Task item:
Drop the pictures and extract exactly the lines from the one that contains "4F Legginsy z" through the end of the material.

Content starts

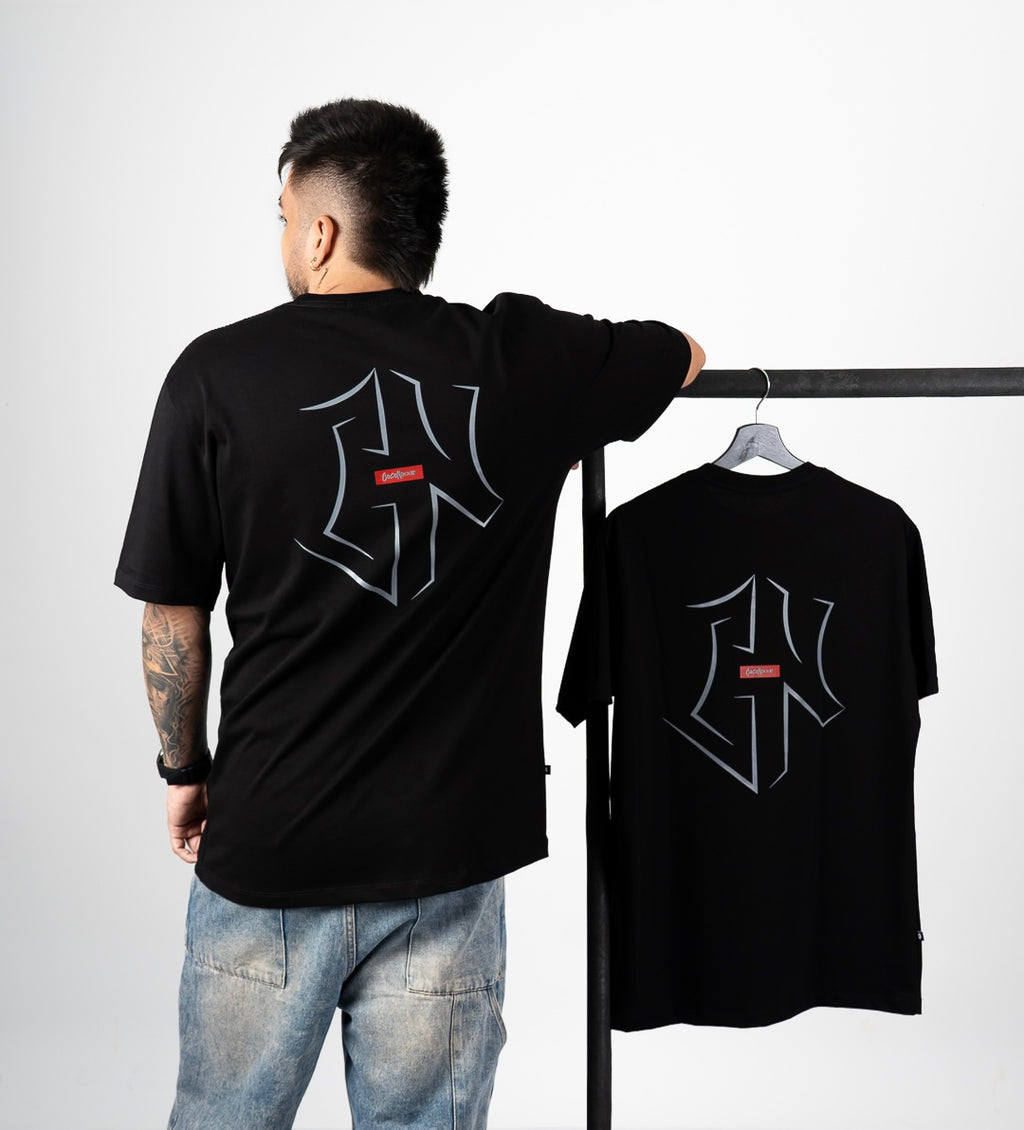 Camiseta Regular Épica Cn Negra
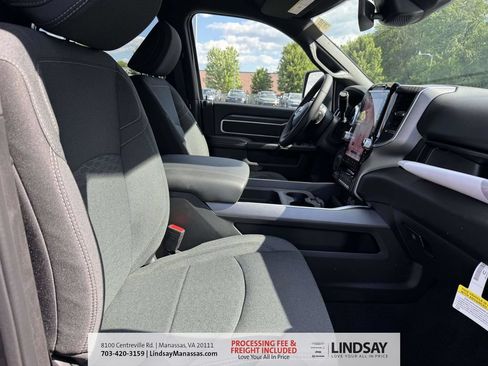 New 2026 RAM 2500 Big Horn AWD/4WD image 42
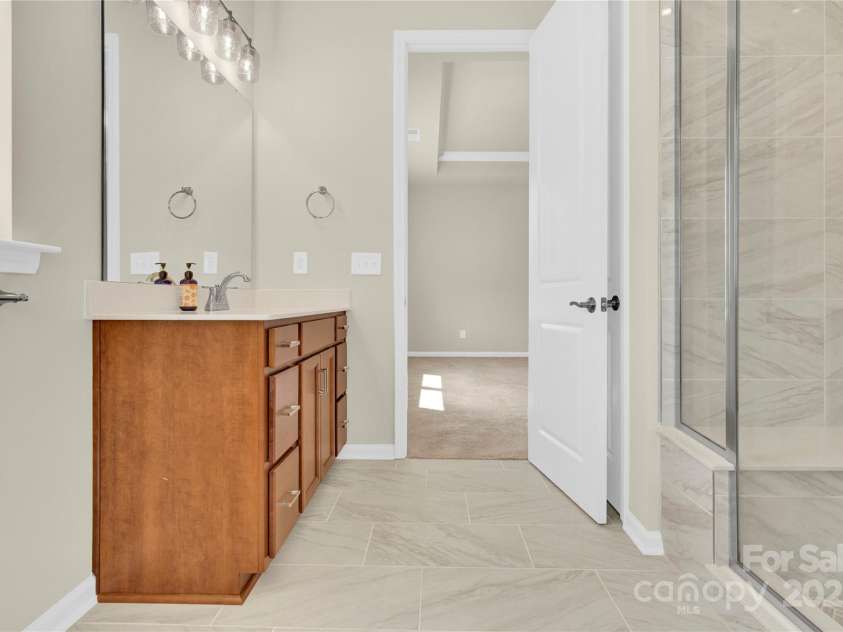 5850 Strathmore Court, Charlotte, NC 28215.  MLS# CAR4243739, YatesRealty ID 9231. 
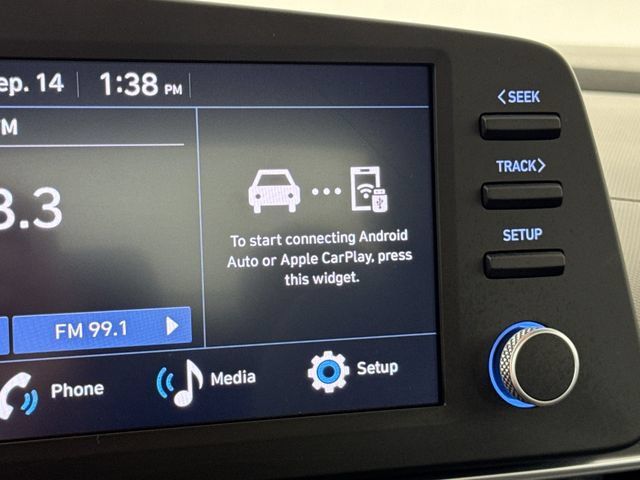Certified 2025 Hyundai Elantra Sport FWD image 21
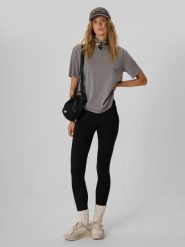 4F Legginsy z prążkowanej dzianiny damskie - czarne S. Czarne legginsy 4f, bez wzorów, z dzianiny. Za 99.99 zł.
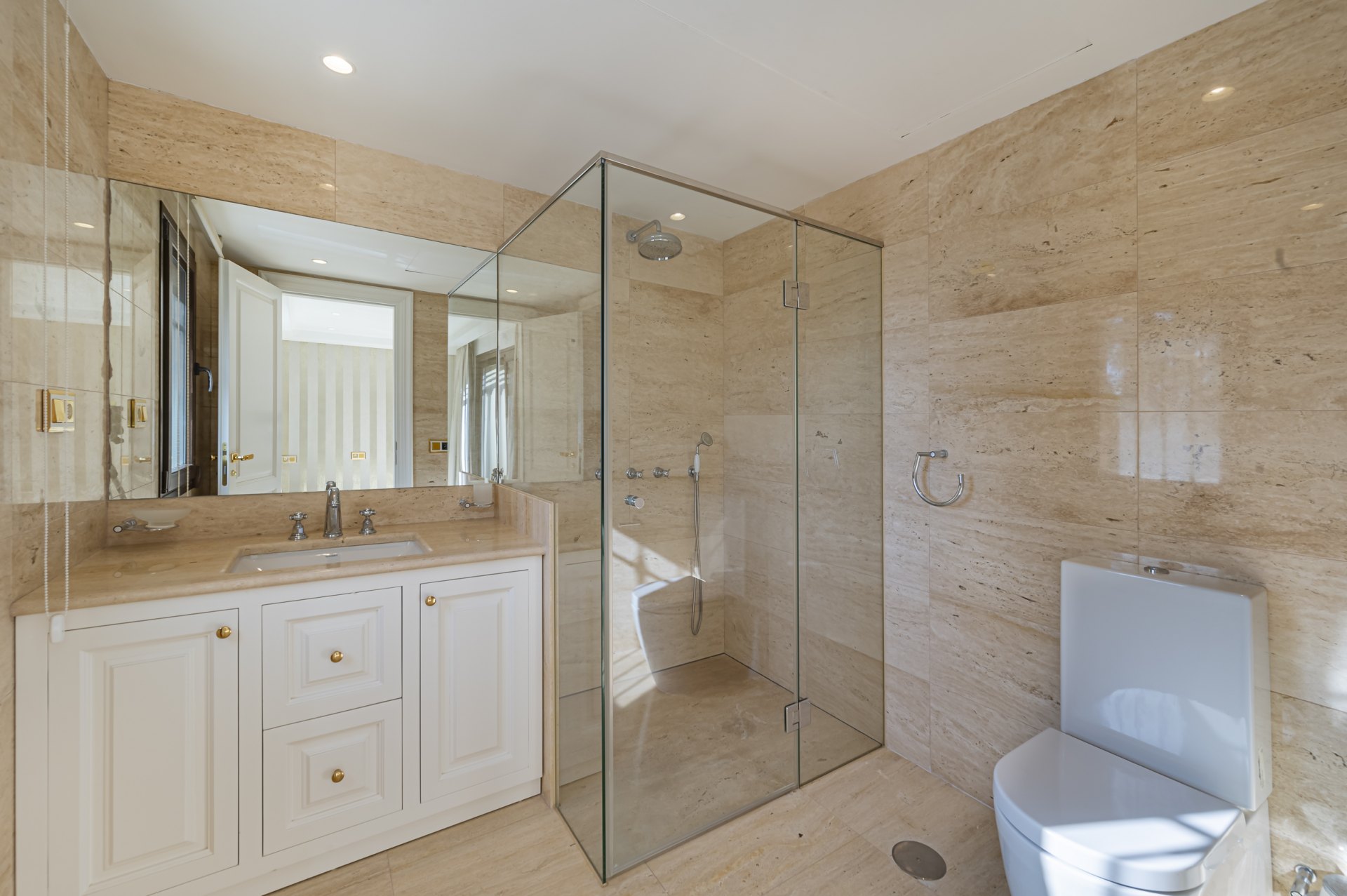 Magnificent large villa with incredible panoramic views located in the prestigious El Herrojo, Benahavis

Content ends

Problem solution:
 4F Legginsy z prążkowanej dzianiny damskie - czarne S. Czarne legginsy 4f, bez wzorów, z dzianiny. Za 99.99 zł.
 Magnificent large villa with incredible panoramic views located in the prestigious El Herrojo, Benahavis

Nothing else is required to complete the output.